Dodatkowo należy przyjrzeć się przepisom dotyczącym rowerzystów i użytkowników innych osobistych urządzeń do poruszania się po drogach, bo i ci w ostatnich latach stali się codziennością na ulicach miast, a i wywołują niekiedy na nich zamieszanie.
Zaproponowano, aby Urząd ds. Bezpieczeństwa Ruchu Drogowego (RSA), zamiast wydawać pieniądze na akcje uświadamiające, przeprowadził poważne analizy, które faktycznie wpłyną na bezpieczeństwo na drogach i ulicach, a następnie po opracowaniu wniosków te wdrożył.

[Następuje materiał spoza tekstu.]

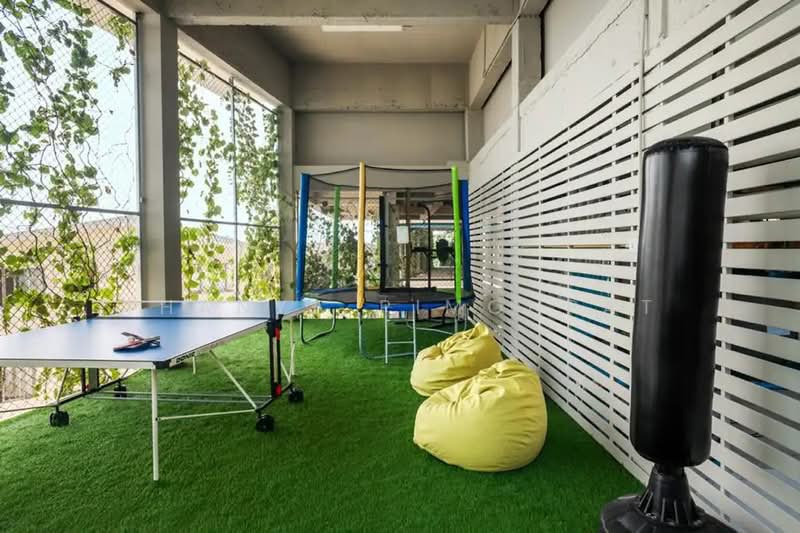 Samui Bayside Luxury Villas, Surat Thani, Bo Put, Ko Samui, Surat Thani, 4 Bedrooms, 200 sqm, Villa For Rent, by Thanya Pimonpat, 60254900 - DDproperty.com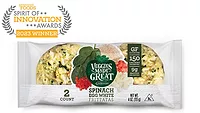 VeggiesMadeGreat_SOI23_780.jpg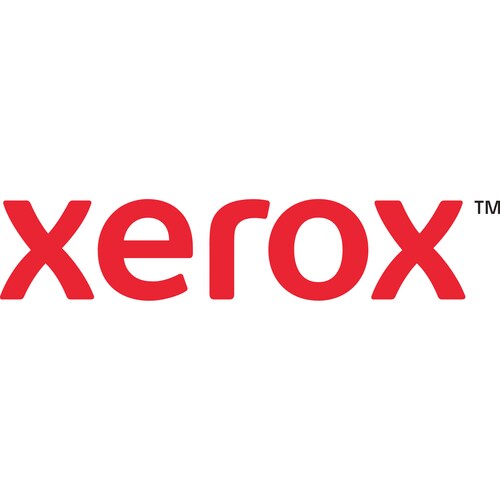 XEROX W110/W130 RENEW ONSITENBD S-W1XX-NBD/RENU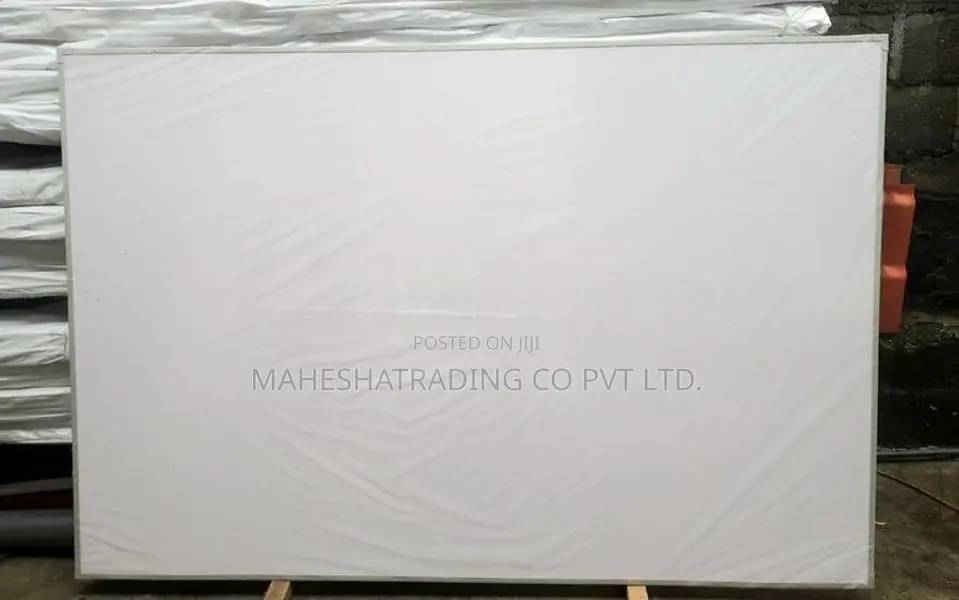 White Board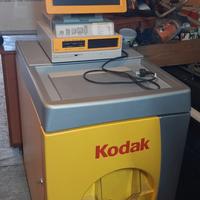 kodak stampante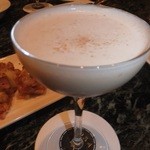 オールドサルーン1934 - アレキサンダー　【　２０１３年９月　】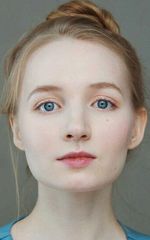 Светлана Карелина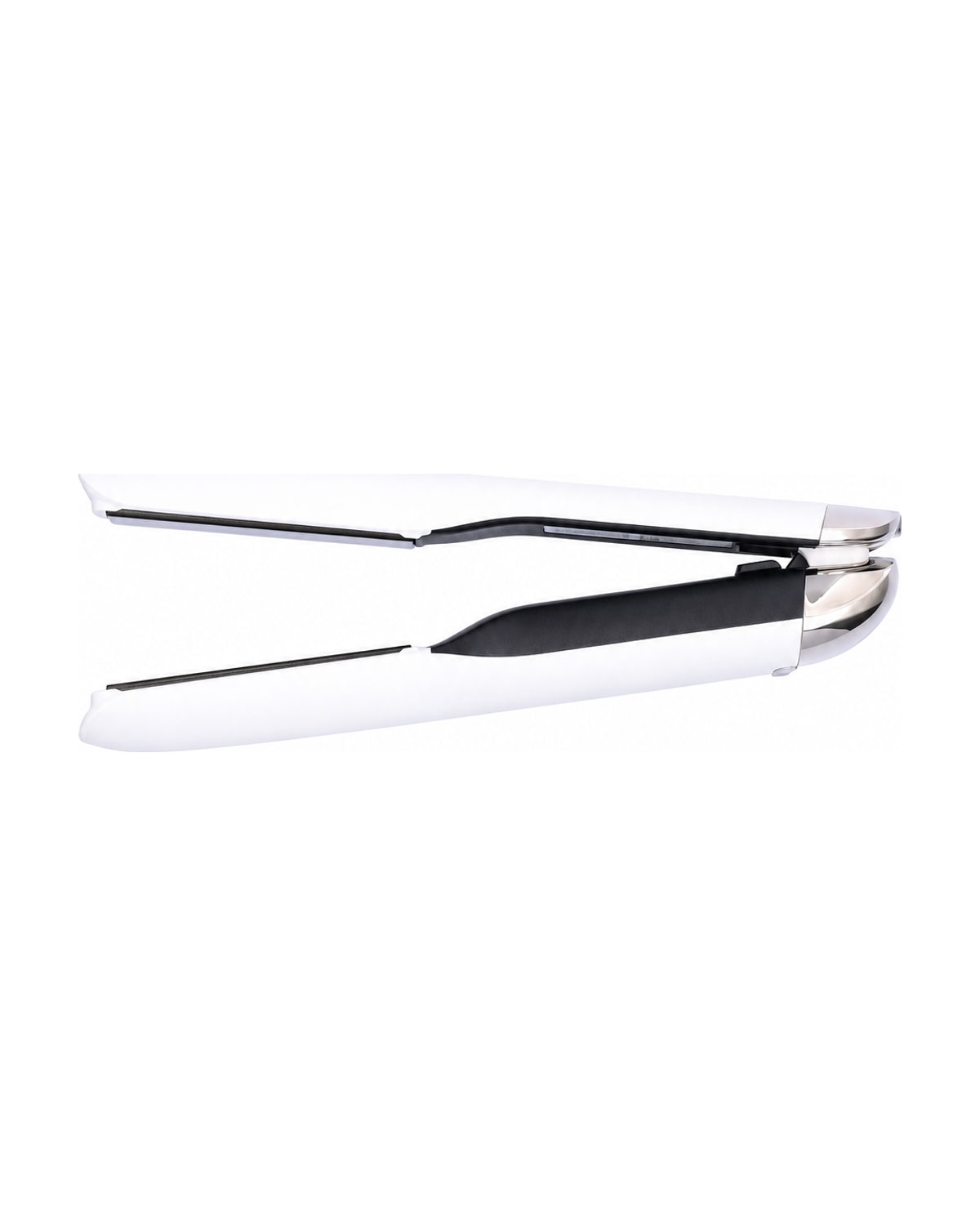 ghd Unplugged On The Go Cordless Styler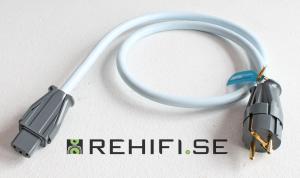 Supra Lorad 2.5 CS-EU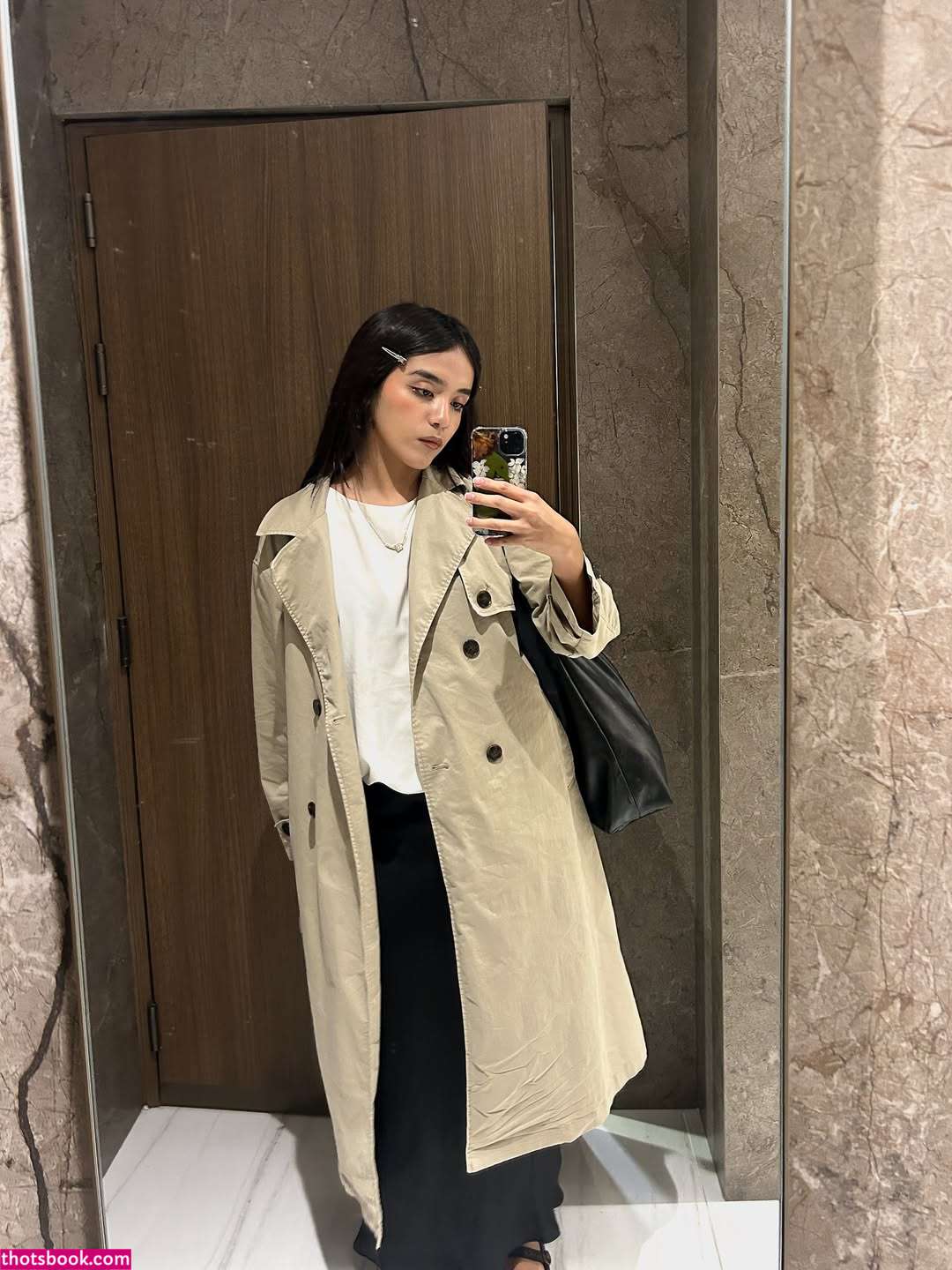 Om4ly Nude Leaks OnlyFans Photos #5 1931614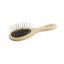 Billede af Exclusive Tiny Miracle Brush 27mm lange
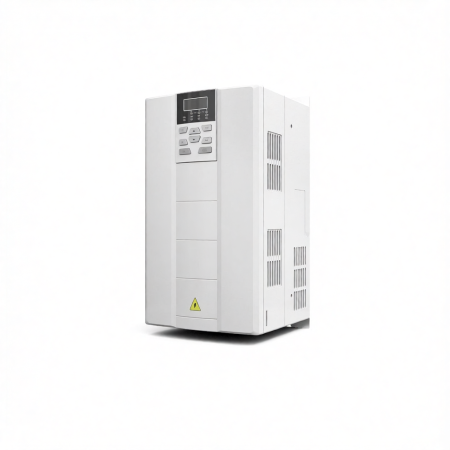 Частотный преобразователь ИМПУЛЬС ПЧ500-01-060А-4 50001060А4 30 кВт 380В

Jeden z członków kampanii na rzecz poprawy bezpieczeństwa na drogach zaproponował, by zmienić też w kraju sam sposób ich budowania, więc powinny być szersze, co odpowiadać będzie zapotrzebowaniu na takie trasy, ale powinny zawierać i to obowiązkowo wszystkie wymagane elementy, w tym pasy dla autobusów i taksówek, trasy rowerowe, chodniki i oznakowane przejścia dla pieszych. W tym punkcie zaproponowano, aby tak działo się we wszystkich nowych inwestycjach, a i powinno znaleźć to odzwierciedlenie podczas prowadzenia prac modernizacyjnych oraz naprawczych na istniejących ulicach miast.
Wiele powiedziano również, że władze lokalne powinny przeprowadzić własny przegląd ulic na swoim terenie, wyznaczyć odpowiednio dużą ilość bezpiecznych miejsc do ich przekraczania, a i zamontować sygnalizację świetlną, by dostępna była na żądanie pieszych. Władze lokalne powinny również przeprowadzić przeglądy dozwolonych prędkości na zarządzanych przez siebie drogach i dostosować je do warunków. Oznacza to, że nie będzie wówczas potrzeby wprowadzania jednego, odgórnego ograniczenia dozwolonej prędkości jazdy, a na wniosek władz lokalnych takie będą wprowadzane na ich terenie. W wielu przypadkach może się więc okazać, że dozwolona prędkość jazdy pozostałaby dokładnie taka sama, jak jest obecnie, a gdzieniegdzie mogłaby nawet zostać podniesiona. Jeżeli natomiast ograniczy się ją rozporządzeniem rządu, nawet szerokie i bezpieczne drogi miejskie, mogą doczekać się zmniejszenia prędkości.
Propozycje te omówione zostaną na jednym z najbliższych spotkań RSA i Gardy, a i przekazane będą odpowiednim departamentom rządu, by i one mogły się z tymi zapoznać.